Dünyaya geliş amacından sapmış bir hayatın bünyeyi tatmin etmemesinden kaynaklanan boşluk hissi hastalığına tutulmuş hasta bir ruha sahip olunabilir.
Her halükarda tedavisi kişinin içinde var.
milletin bayram tatilinde paris e venedik e gitmesinin ardından benim sultanahmet köftecisinde piyaz yemem ne kadar bomboş bir hayat yaşıyoruzun göstergesi olabilir.
Hiç kimsenin hayatı bomboş değildir. Öyle ya da böyle birilerinin hayatına girmiştir herkes. Bir anı, bir olay bile yaşadığı kişiye ve kendisine, hayatına anlam katar. Belki kendi hayatın için hiç bir şey yapmadığın için bomboş bir hayat geçirmiş, geçiriyormuş gibi hissedebilirsin. Ancak başkalarının hayatına ne kattığın önemlidir bence. Sonuçta her insan herkes için olmasa bile bazı kişiler için ölümsüzleşir. Yaptığın bir iyilik bile kendi hayatına bir şey katar. Asıl önemli olan nasıl bir hayat yaşadığınız değil, bu süre boyunca kimlerle ne yaptığınız onlara ne kattığımız önemlidir.

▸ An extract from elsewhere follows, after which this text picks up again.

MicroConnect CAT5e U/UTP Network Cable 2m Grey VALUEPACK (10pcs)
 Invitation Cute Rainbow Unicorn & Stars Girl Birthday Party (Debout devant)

hayatı boş yaşayan da dolu yaşayanda insanın ta kendisidir. hadisi şerifte rasulullah s.a.s «Rabbini zikreden kişiyle zikretmeyen kişi, diriyle ölü gibidir.» der. Ayeti kerimede ise cenabı Hakk "yemin olsun ki şükrederseniz, size olan nimetimi arttırırım. şayet nankörlük ederseniz, şüphesiz ki azabım çok şiddetlidir" diye buyurulur. bunları düşündüğünde insanın daima şükretmesi ve yüce allahı daima zikretmesi gerekliliği ortaya çıkar.
insan nefsi hoyrattır. korkaktır. serseri tabiatlıdır. gevşektir. kolaycıdır. hanpacıdır. kolpacıdır. art niyetlidir. kötümserdir. ümitsizdir. disiplinsizdir. gayreti sevmez. çalışmayı sevmez. işi bedbahtlığa bunalıma buhrana efkara depresyona sürükler. bu kötü düşüncelere sarılıp kendini mutsuz eder. mutsuz insanlar ise nankörlük eder. kendisine verilen onca nimeti görmez. nimet sahibini anmaz ona şükretmez. öz eleştiri yapmaz. suçu kendinde aramaz. sorumluluklarını yerine getirmez. ondan sonra da hayatı suçlar insanları suçlar kaderi suçlar. bir kısır döngü içinde boğulur gider.
halbuki dünyanın yaradılış gayesinde ve temelinde muhabbet vardır. ilahi aşk. aşk ise bir mücadeledir. rızadır. çalışmaktır. saygıdır. edeptir. hüsnü zandır. iyi düşüncelerdir. olumlu pozitif düşünceler eylemler ve işlerdir. aşk sabırdır. aşk iyilik etmektir. aşk yardım etmektir. aşk daima hareket ister. duurgunluğu durağanlığı sabitliği kabul etmez, kaldırmaz. fırat nehri gibi coşkunluk ister. nerde hareket orda bereket misali tembelliği kabul etmez. hem dünya için hem ahiret için çalışmayı insana vazeder. aşk şikeyet etmez. mevcutlarla iktifa (yetinmek) etmez. hep daha da ileriye taşır sahibini.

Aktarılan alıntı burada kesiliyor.